JF: Why do you think this is? Is there better tactical organisation in France? Is it more defensive?
JP: In France it is more tactical. We work harder on tactics here. We watch a lot of videos before the game and a lot of our pre-match preparation is focused on not conceding goals. They do that in Germany too but they also concentrate a lot on the attacking side, creating more opportunities for attacking players to score, creating space in attack. Teams in France are very organised. They defend well and that often makes it difficult for attackers to score.
JF: Does that make it more difficult for a dribbler like yourself?
JP: Yes. A winger like myself in France is always surrounded by two or three defenders, which makes it more difficult to influence the game. But I’m getting used to French football now so hopefully I will keep progressing and improving.
JF: Rennes have had some disappointing results in the Europa League this season, the recent defeat to Celtic a case in point. Do you still think you can qualify for the next phase or is it too late now?
JP: It will be difficult after that defeat because we have only two points and Udinese and Atletico Madrid are some way ahead of us now.

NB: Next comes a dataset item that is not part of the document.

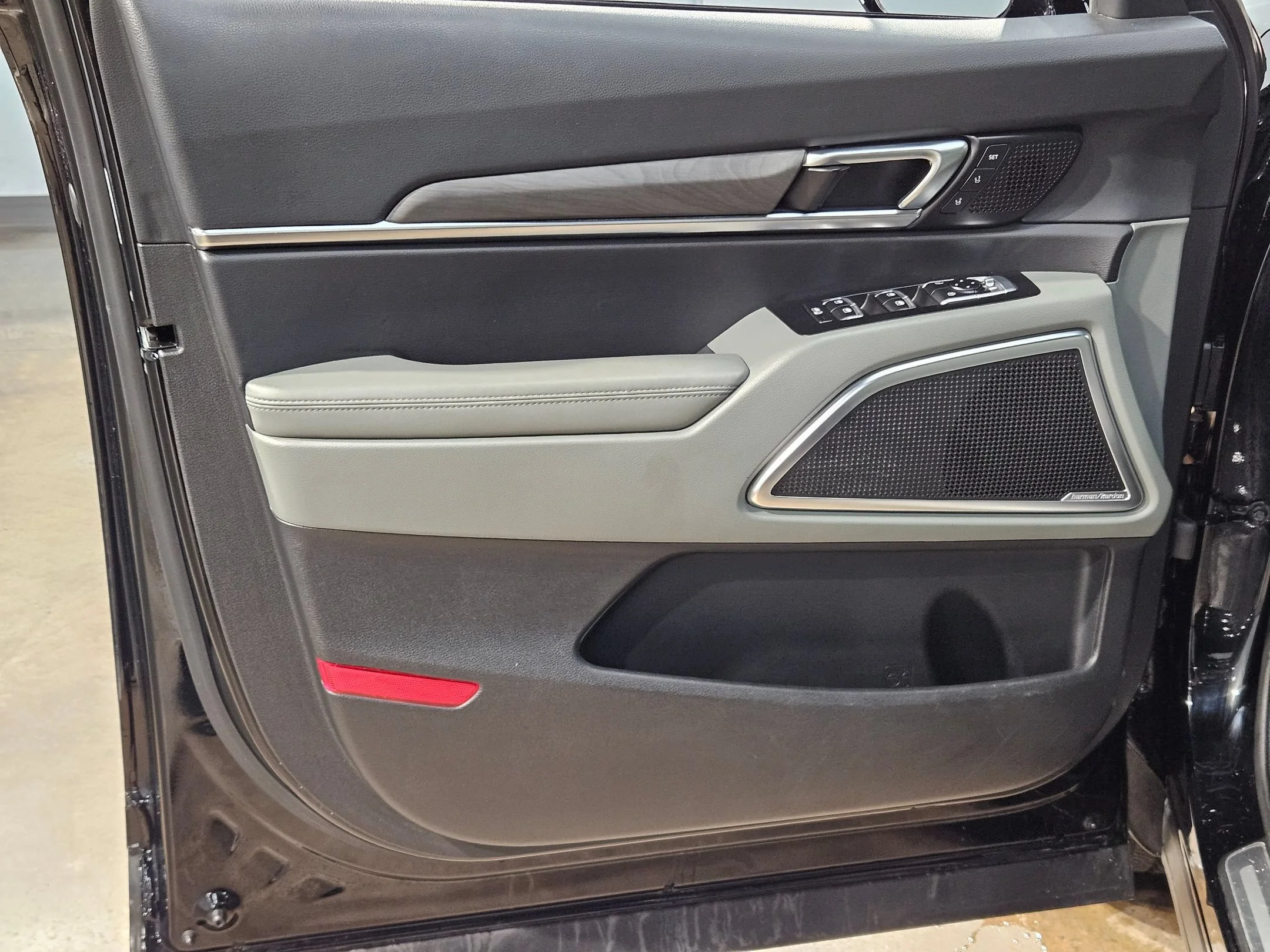 Used 2023 Ebony Black Kia SX X-Line image 20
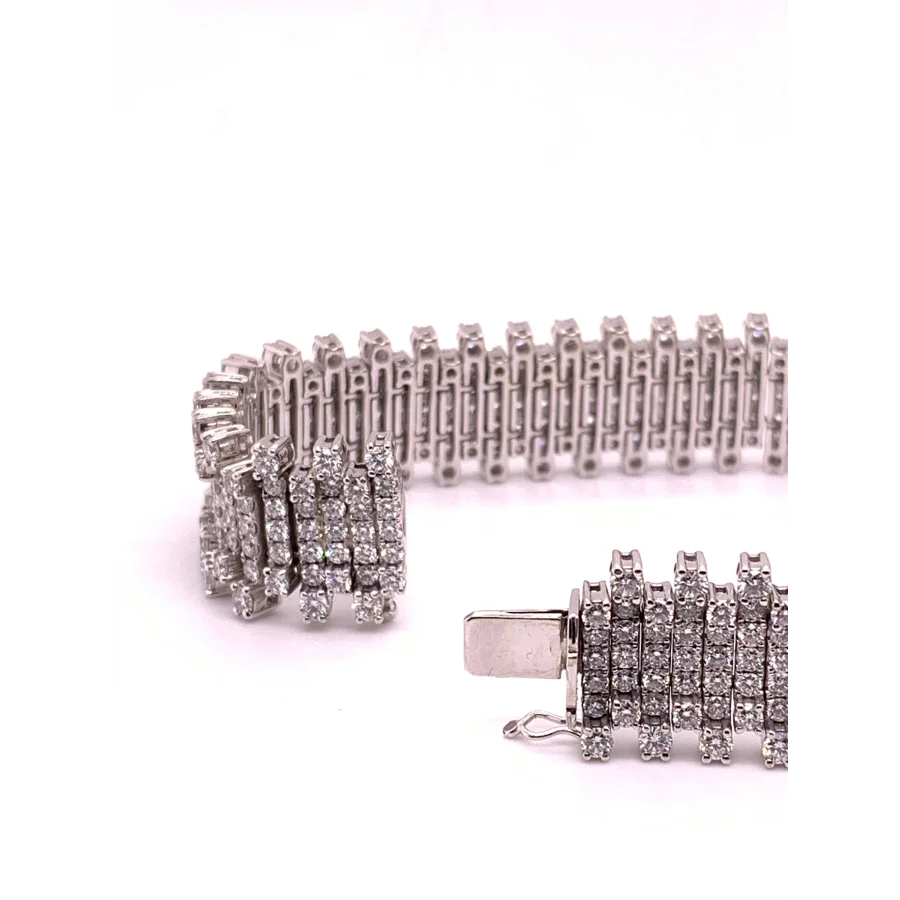 18KW White Gold Round Diamond Bracelet - women’s bracelet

But for me we must look at the two remaining group games as finals. We will try to win those games and at least make sure we don’t get knocked out with just two points. Even if we don’t qualify, if we can take points from the next two games we’ll be able to hold our heads high. It will give us experience for the future because we are a young group at Rennes. For many players in the group it’s our first time in Europe with the club, so anything we can learn now can help us in future for next time.
JF: Moving onto international football now and Burkina Faso. What do you think of your group for the upcoming African Cup of Nations, with Côte d’Ivoire, Angola and Sudan?
JP: Actually I’m really happy to be in this group because it will be very exciting to play against a team like Ivory Coast. Personally I always enjoy playing against the big teams because they are like battles. You have to use all your experience, it allows you to measure your own ability and that ultimately makes you a stronger player.
The game against Ivory Coast will give us an idea as to how far we can go as a team in this CAN because we have a young team that is evolving. We are working hard to try and become a giant of African football. But for now I hope we can battle to take points, qualify and try and win our group – even if Ivory Coast are the favourites. Our main goal is to qualify and if we can manage that it will be a fantastic achievement for Burkina Faso.
JF: You have often been referred to in Africa and around the world as ‘the Burkinabe Ronaldo’ and you are very popular in your homeland. How do you feel about that tag and what is it like to represent your country at such a high level?
JP: For me I’m really happy that the people of Burkina Faso like me. They encourage and support me a lot. I am working hard to try and reach a high level. I think the Burkinabe public want to see a player evolve and develop to the level of big players like Samuel Eto’o and Didier Drogba. These people have worked very hard and I know that it hasn’t been easy for them to achieve what they have. I hope that everything I am doing now will eventually help me achieve my goals.
Regarding the comparisons people make between me and Ronaldo in Burkina, I’m happy that people would talk about me in those terms even if it is a bit exaggerated. I still need to reach a level where I become even more decisive and influential in games. So I will continue to work hard. I have my own qualities and I hope that with these qualities one day people will be comparing others to Jonathan Pitroipa.